[Try it] After locating the line with "GiannaBirrueta - slowly" in the data that follows, return it and every later line exactly, up to and including the line with "34ft Four Winns Yacht For Sale 34ft".

[Records for this exercise]
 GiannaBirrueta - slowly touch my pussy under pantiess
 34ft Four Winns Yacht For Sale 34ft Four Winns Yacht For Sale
* * *
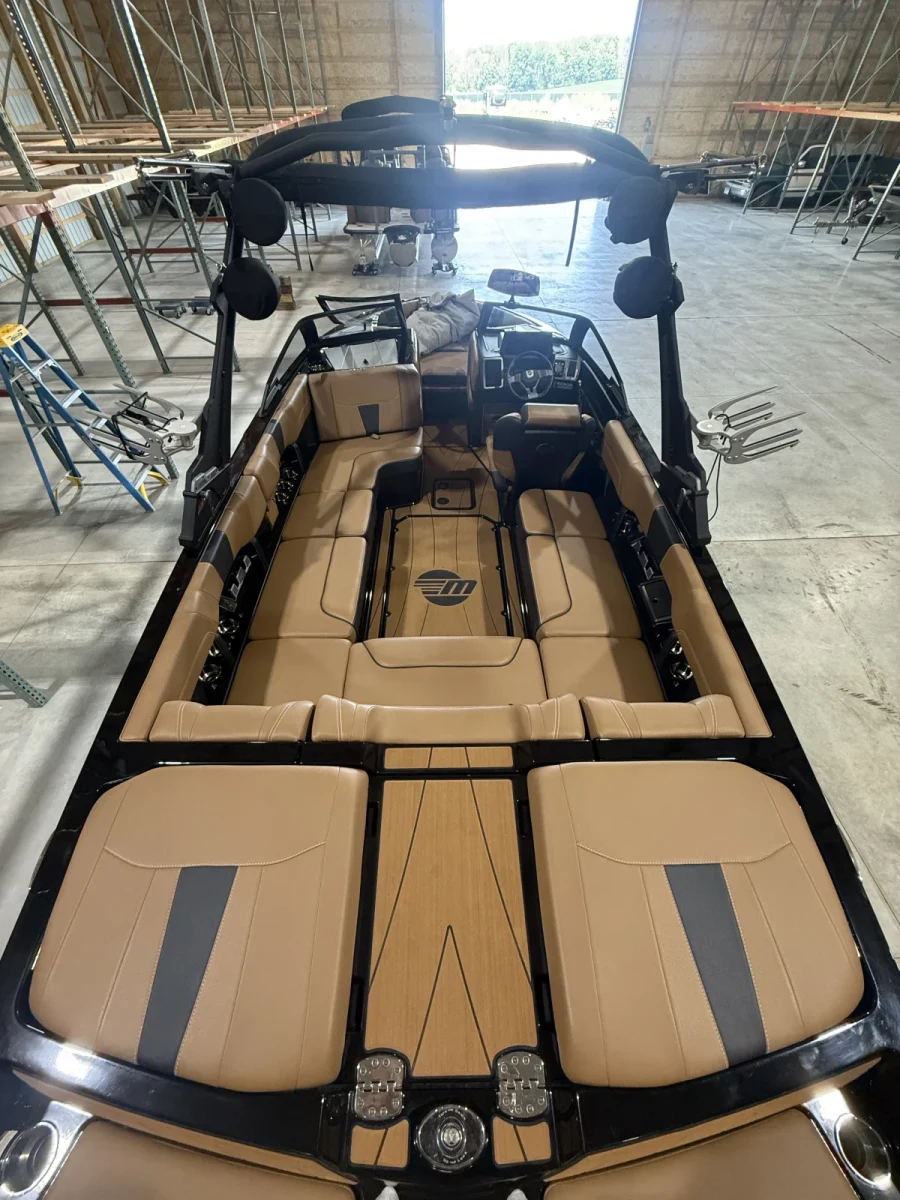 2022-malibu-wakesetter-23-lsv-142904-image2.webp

[Finished task]
 GiannaBirrueta - slowly touch my pussy under pantiess
 34ft Four Winns Yacht For Sale 34ft Four Winns Yacht For Sale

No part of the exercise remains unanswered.